WORK INSTRUCTION:
Leaving out all pictures, reproduce the entries below exactly, from the first line through the line that contains "ТЕТС в Тюмени".

RECORDS SHOWN:
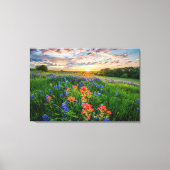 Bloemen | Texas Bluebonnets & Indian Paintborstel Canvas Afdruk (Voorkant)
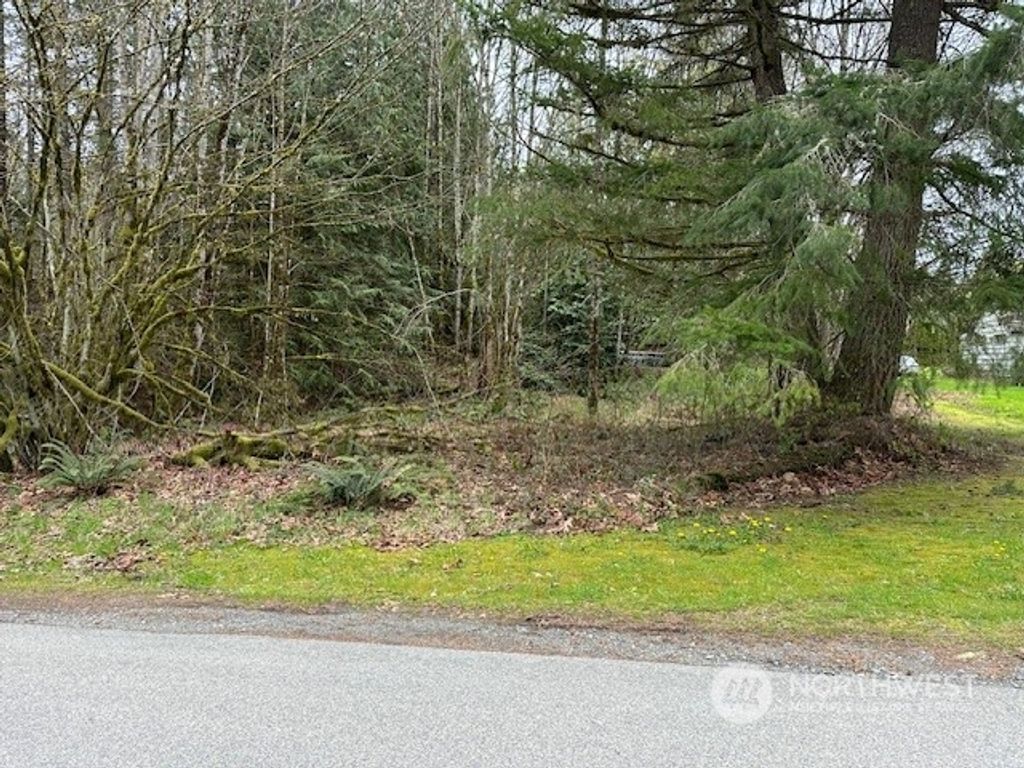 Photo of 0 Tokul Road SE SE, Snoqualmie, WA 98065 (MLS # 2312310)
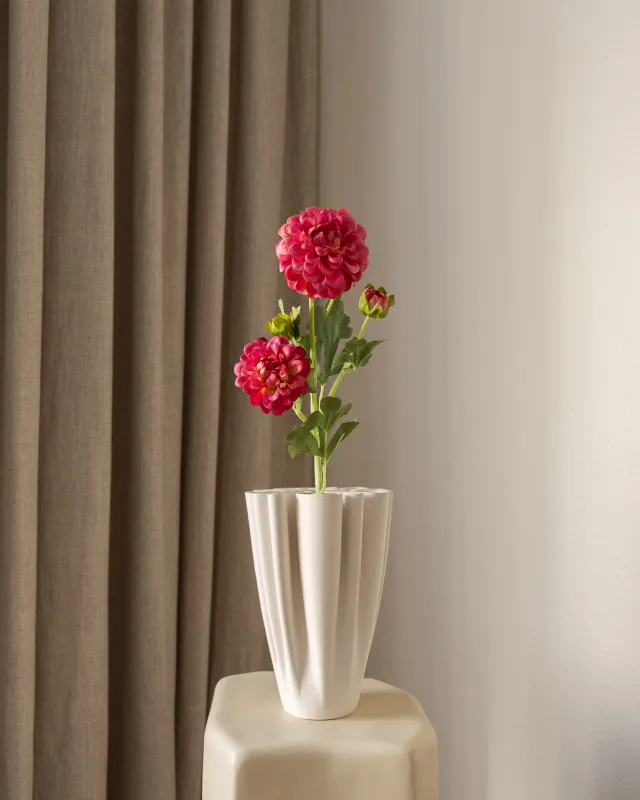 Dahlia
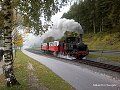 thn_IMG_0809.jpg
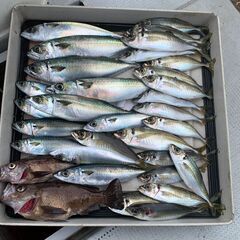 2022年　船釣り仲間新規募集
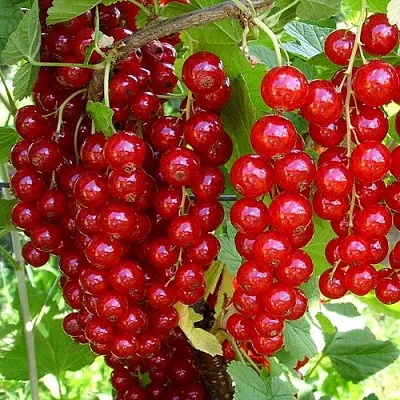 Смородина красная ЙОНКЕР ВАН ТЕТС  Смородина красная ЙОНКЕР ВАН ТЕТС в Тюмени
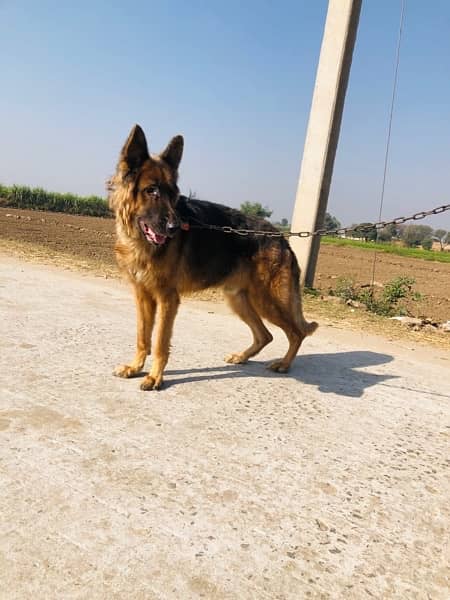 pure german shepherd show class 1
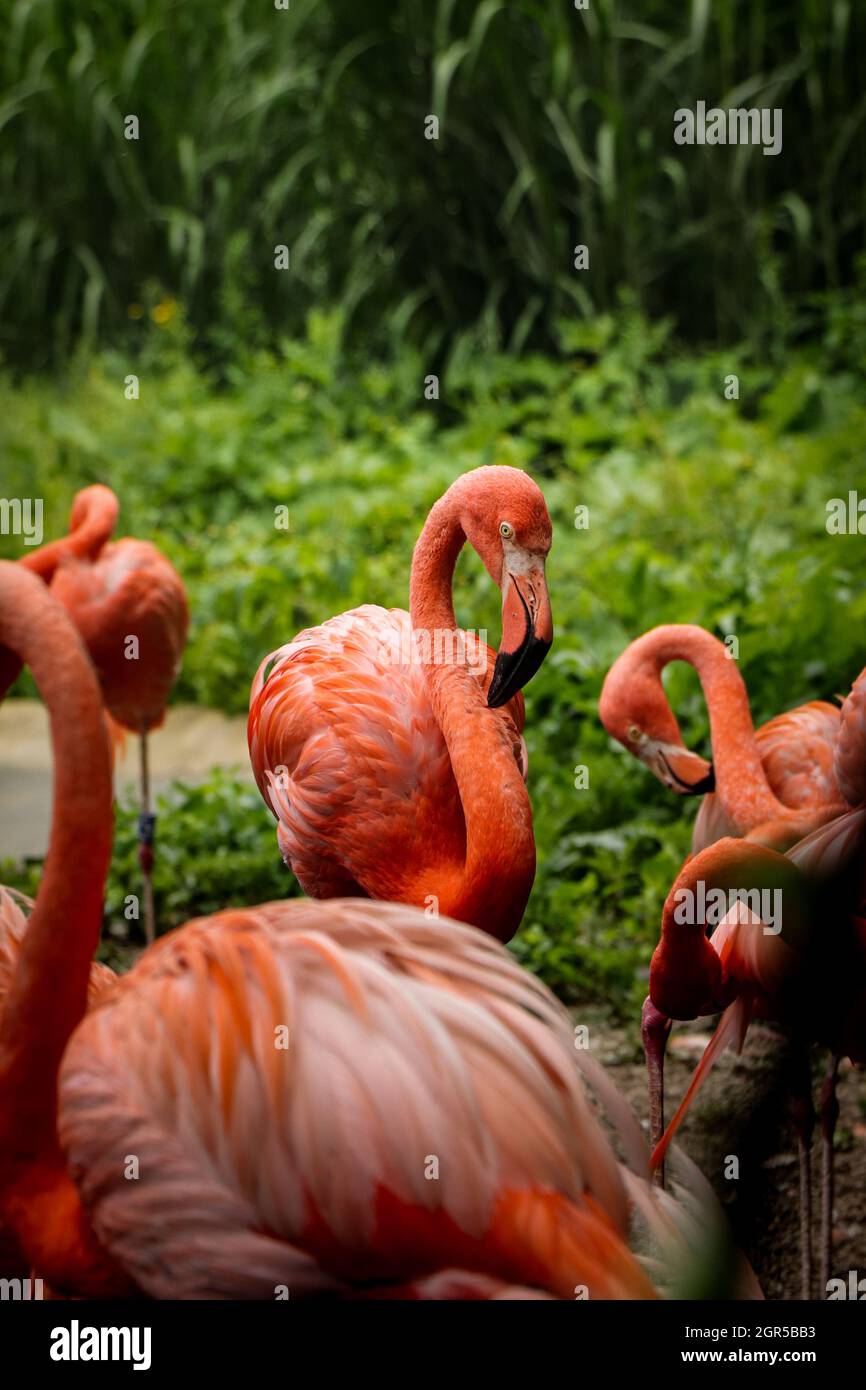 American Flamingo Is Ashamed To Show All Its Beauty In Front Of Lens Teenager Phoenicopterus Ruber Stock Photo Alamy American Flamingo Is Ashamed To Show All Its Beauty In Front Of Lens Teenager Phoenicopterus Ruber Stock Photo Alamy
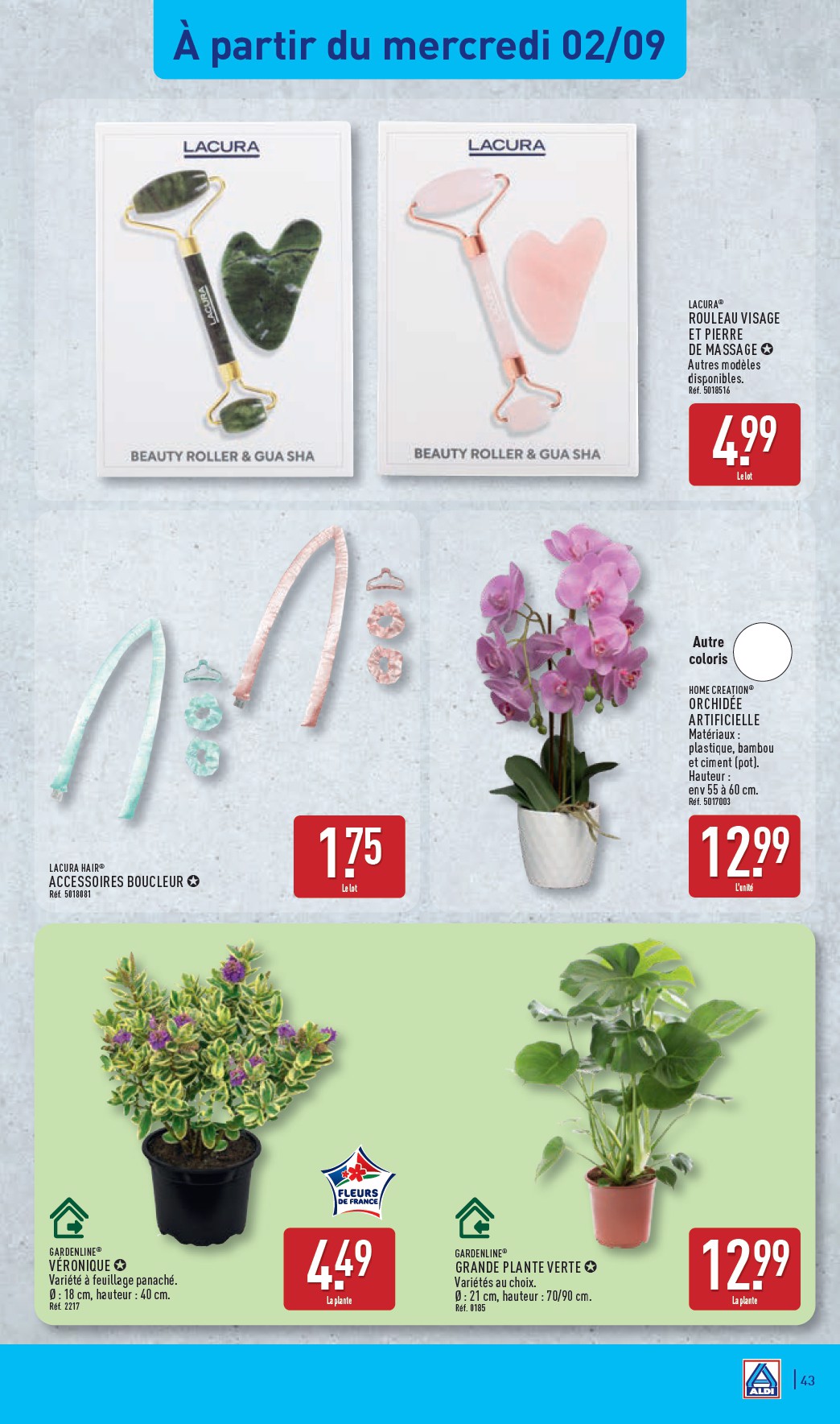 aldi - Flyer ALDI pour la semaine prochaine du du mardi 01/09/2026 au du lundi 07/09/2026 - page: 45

YOUR RESPONSE:
 Bloemen | Texas Bluebonnets & Indian Paintborstel Canvas Afdruk (Voorkant)
 Photo of 0 Tokul Road SE SE, Snoqualmie, WA 98065 (MLS # 2312310)
 Dahlia
 thn_IMG_0809.jpg
 2022年　船釣り仲間新規募集
 Смородина красная ЙОНКЕР ВАН ТЕТС  Смородина красная ЙОНКЕР ВАН ТЕТС в Тюмени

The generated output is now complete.